At a general meeting, held October 16, 1551, the minister of Jussy, Jean de Saint André, in preaching from the words of St. John, (8:47,) “He that is of God heareth God’s words …,” took occasion to develop the doctrine of eternal election, declaring that “those who are not regenerated by the Spirit of God, continue in a state of rebellion even to the end, because obedience is a gift accorded only to the elect.”
He had scarcely finished speaking when one of the hearers rose up, and pronounced this doctrine false and impious, accompanying his discourse with coarse abuse of those who make God the author of sin, and exhorted the people to guard against this new doctrine as a detestable piece of folly. This man was the old Carmelite monk, Jerome Bolsec, a physician, preacher, and poet, who, wandering by turns in France and Italy, had retired to Geneva some months previously, where he had already frequently attacked the doctrines of Calvin.
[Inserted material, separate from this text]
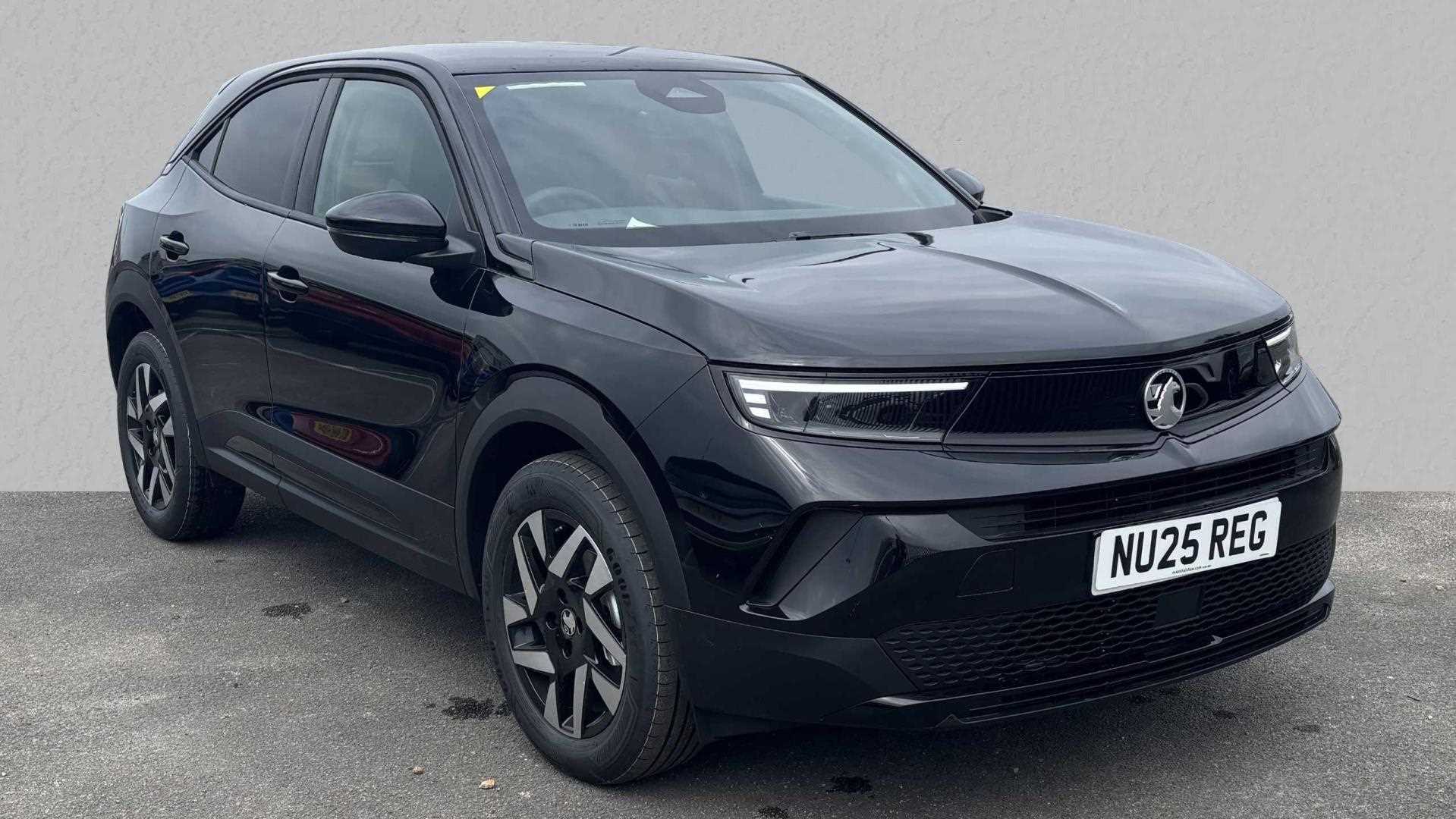 Main listing image - Vauxhall Mokka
Unnoticed in the crowd, the Reformer, whom Bolsec had thought absent, immediately rose up, and by a succession of testimonies borrowed from the writing of Augustine, eloquently refuted his adversary.
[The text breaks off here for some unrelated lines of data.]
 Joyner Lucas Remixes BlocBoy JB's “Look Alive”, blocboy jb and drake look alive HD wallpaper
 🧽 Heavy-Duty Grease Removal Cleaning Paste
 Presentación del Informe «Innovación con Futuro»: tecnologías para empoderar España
Arrested on account of the temerity of his language, and interrogated by the magistrate, Jerome refused to retract, and was thrown into prison. The case was brought before the Council, where he boldly maintained his opinion, adding, besides, that many of the Swiss ministers shared in his sentiments.
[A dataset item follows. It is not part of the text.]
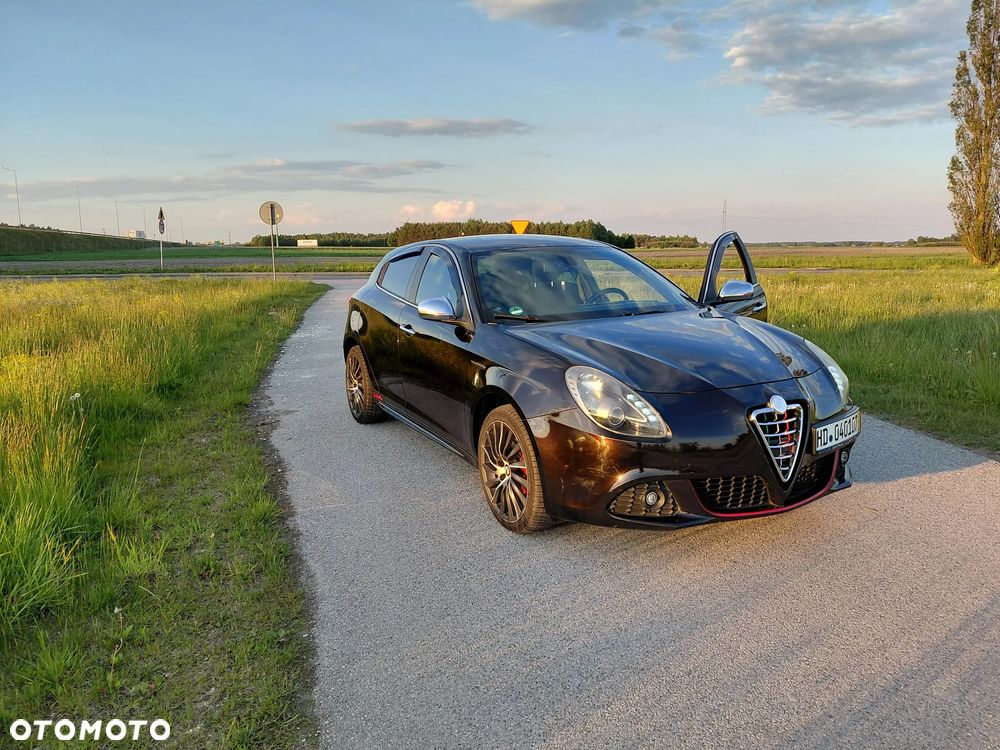 Alfa Romeo Giulietta 1.4 TB 16V Turismo - 26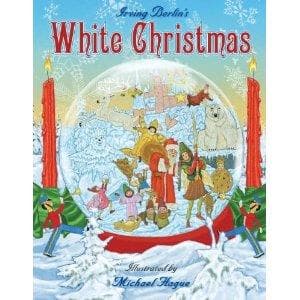 Tapa de White Christmas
Before pronouncing a judgment, which the ministers of Geneva earnestly desired, the magistrates wrote concerning the subject to three reformed towns, namely, Zurich, Berne, and Bâle, furnishing them with a list of the errors of Bolsec, and asking their advice as to how they should treat him.*
The proceedings of the trial have been published in two very excellent volumes. Whatever you think of Bolsec’s ridiculous views, his willingness to spew them in Geneva shows him to be quite insane.